On 28 September we performed at Tingley Coliseum. I remember walking out onto the stage at Tingley in Albuquerque and the roar from the crowd was so loud that I was sure that it couldn’t be just for us. I turned around to see whether Carlos was walking out with us… perhaps he wanted to address the audience for some reason. It was just us four walking out though and that roar was for us. Here is what I posted on 1996-09-28:

Tingley looks pretty frightening – like a hockey arena or a tractor pull location with big neon advertisements for beer and beef… the amount of concrete promises lots of slap-back echoes all over the place… our show at Tingley is the closest we have ever come to the taste of the Rock & Roll experience… when the lights go out and we walk on, the crowd roars in anticipation… there is a huge pit for people with general admission tickets and they holler and move… and we love every second of it… the reverberation in the big hall does sound like a propeller plane circling above or like a herd of cattle stampeding… it starts with the first note and ends half a minute after the last… we have a good time though, ’cause the audience is into the music… we go through the set smiling… oh yeah, and there was a bomb threat at 9pm as Santana was supposed to go on… but, since no bomb went off at 9:15pm as threatened, the Santana show started at 9:20pm… the songs we play with Carlos sounded good and rounded off the Tingley experience nicely

Santana’s set list for that night in Albuquerque can be found on their website, which has 175 pages of set lists from 1969 to the present. On page 76 we find the three songs we played together:

A week later, in San Antonio, a different Rock & Roll experience. An angry audience member didn’t think it was loud enough. Here is what I posted on 1996-10-05:

Last night’s show in San Antonio was almost shut down… 5 policemen and a couple of councilmen threatened Santana’s soundman Bruce to turn down the music or have the concert shut down…

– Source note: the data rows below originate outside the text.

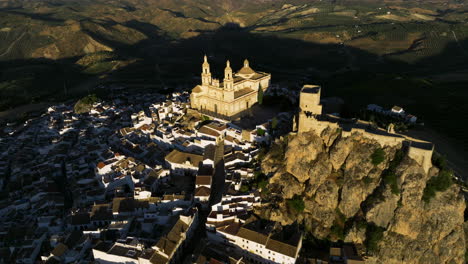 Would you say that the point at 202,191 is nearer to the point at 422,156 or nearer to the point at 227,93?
the point at 227,93

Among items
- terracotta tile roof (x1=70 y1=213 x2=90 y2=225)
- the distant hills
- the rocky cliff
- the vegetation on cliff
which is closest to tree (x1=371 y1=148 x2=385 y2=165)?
the rocky cliff

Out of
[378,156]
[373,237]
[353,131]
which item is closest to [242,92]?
[353,131]

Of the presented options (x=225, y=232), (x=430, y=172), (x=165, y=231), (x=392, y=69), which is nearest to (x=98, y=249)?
(x=165, y=231)

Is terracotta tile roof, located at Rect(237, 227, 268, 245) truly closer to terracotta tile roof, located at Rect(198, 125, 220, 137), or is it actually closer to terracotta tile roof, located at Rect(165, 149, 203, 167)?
terracotta tile roof, located at Rect(165, 149, 203, 167)

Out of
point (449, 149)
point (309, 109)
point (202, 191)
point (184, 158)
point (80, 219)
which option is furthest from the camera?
point (449, 149)

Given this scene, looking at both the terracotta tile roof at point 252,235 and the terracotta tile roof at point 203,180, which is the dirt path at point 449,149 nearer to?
the terracotta tile roof at point 252,235

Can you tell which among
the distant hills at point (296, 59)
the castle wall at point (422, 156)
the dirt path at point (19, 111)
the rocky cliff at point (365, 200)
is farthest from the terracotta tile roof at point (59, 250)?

hm, 5 cops against 5,000 fans, many of which had visited the Beer tents frequently… but, in the end, the sound was turned down and then one angry member of the audience, unhappy with the lack of volume, poured a whole big-gulp of beer into Santana’s mixing console… as a result the drums went silent until they were patched into our mixing board a few minutes later…

hm, the politics of Rock + Roll… seems to me that politicians should stay out of the concerts once they have been approved… we all know that Rock + Roll is loud… if you don’t want the concert, don’t rent the venue to a promoter for a rock band… but don’t allow the concert and then threaten the soundman and almost incite a riot…

Santana would routinely hit 120db during their shows. Too loud for me but apparently just right for many in the audience. I suspect they turned down the sound to 112 or 116db that night… not loud enough for the man with the beer.

Playing in front of 10,000-15,000 every night can be fun, but it’s also much more anonymous than performing in a theater or a club because the audience is quite far away. It reminded me of the movie Spinal Tap, because after a while you REALLY don’t know where you are unless you look at your tour book. Sheds mostly look very much alike. They are also outside of the urban areas, which means there isn’t anything to do nearby. Tourbus drives to venue, do soundcheck, have dinner at the venue, hang out on the tourbus, do a show, get back on the tourbus and drive to the next shed…

After this tour I started to perform barefoot. I was wearing boots during the Santana tour and one time my foot fell asleep after crossing my leg for an extended period. When I got up I nearly toppled off the stage… and those stages are about 8-12 feet off the ground.